Episode 2: What Grinds My Gears
Note: I originally posted this article on a personal blog I ran when I was in my late teens and early twenties. I discovered in May 2020 that the Internet Archive had preserved the contents of that blog in its entirety, including some of the media. That blog was an important part of my personal history, so I reposted all of that content on this website for archival purposes. While my politics, opinions, and outlook on the world have changed radically since I wrote those posts between 2009 and 2011, it’s good to know that I was as much of an idiot then as I am now.
Buzzwords. This is what Wikipedia has to say about them:
A buzzword (also fashion word and vogue word) is a vague idiom, usually a neologism, that is common to managerial, technical, administrative, and political work environments. Although meant to impress the listener with the speaker’s pretense to knowledge, buzzwords render sentences opaque, difficult to understand and question, because the buzzword does not mean what it denominates, yet does mean other things it ought not mean.
Twitter has a crisp, concise sentence on their homepage that describes exactly what their service is all about. Someone must have worked hard coming up with that description. Here it is:
Twitter is a service for friends, family, and co–workers to communicate and stay connected through the exchange of quick, frequent answers to one simple question: What are you doing?
I’m going to take that description and have some fun with it.
There seems to be no mention of Web 2.0 there, so I’ll put that in. I’ll also toss in “real time”, because I can. The sentence now reads:
Twitter is a Web 2.0-based real time service for friends, family, and co–workers to communicate and stay connected through the exchange of quick, frequent answers to one simple question: What are you doing?
What about “empower”? I think I can squeeze that in somewhere. Since “friends, family, and co–workers” sounds too normal, I’m going to replace it with “end users”.

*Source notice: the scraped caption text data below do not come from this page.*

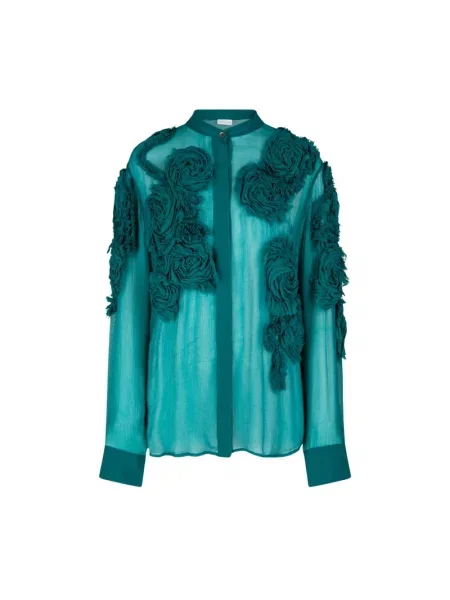 Koszula Dries Van Noten niebieska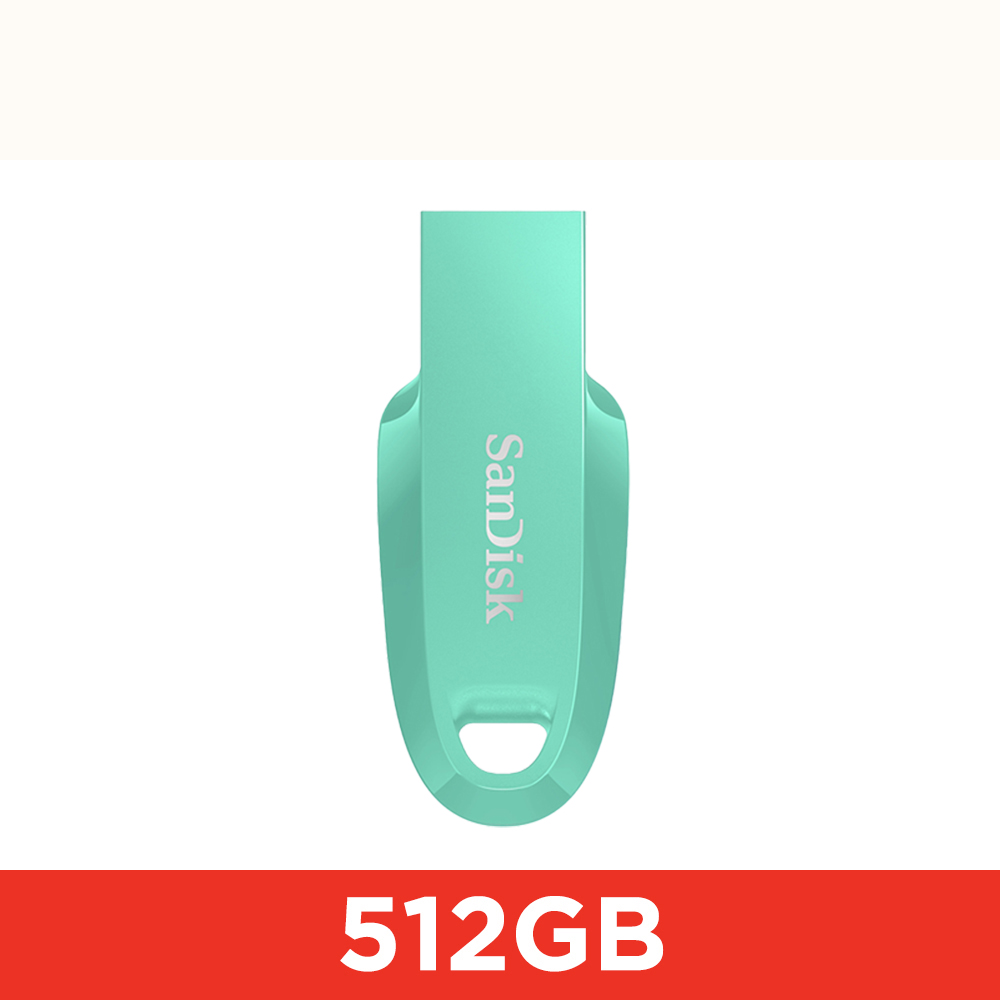 【SanDisk】CZ550 512GB Ultra Curve USB 3.2 Gen 1 隨身碟-青蘋果綠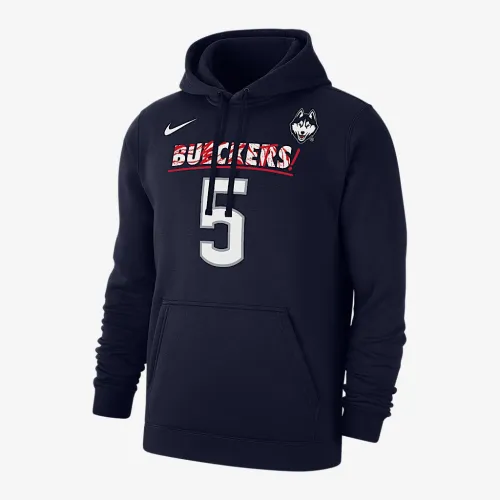 UConn Paige Bueckers Club Fleece мужские Nike College Pullover Толстовка с капюшоном синий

Twitter is a Web 2.0-based real time service that empowers end users to communicate and stay connected through the exchange of quick, frequent answers to one simple question: What are you doing?
“What are you doing?” is too easy to understand. It has to go. These days, “core competency” seems to be the hot new term in town, especially among entrepreneurs. I’ll re-phrase the blurb so I can throw that in, too.
Twitter is a Web 2.0-based real time service. Twitter’s core competency is empowering end-users to communicate and stay connected through the exchange of quick, frequent answers to one simple question: What activity is the said end-user engaged in?
Something about “rich media” would be nice. “quick, frequent” can be replaced by “holistic, crowsourced” and “question” becomes “query”.
Twitter is a Web 2.0-based real time rich media service. Twitter’s core competency is empowering end-users to communicate and stay connected through the exchange of holistic, crowdsourced answers to one simple query: What activity is the said end-user engaged in?
Change “stay connected” to something better, like “allowing them to initiate a synergizing convergence of thought and action”.
Twitter is a Web 2.0-based realtime rich media service. Twitter’s core competencies are empowering end-users to communicate and allowing them to initiate a synergizing convergence of thought and action through the exchange of holistic, crowdsourced answers to one simple query: What activity is the said end-user engaged in?
And that, folks, is what grinds my gears.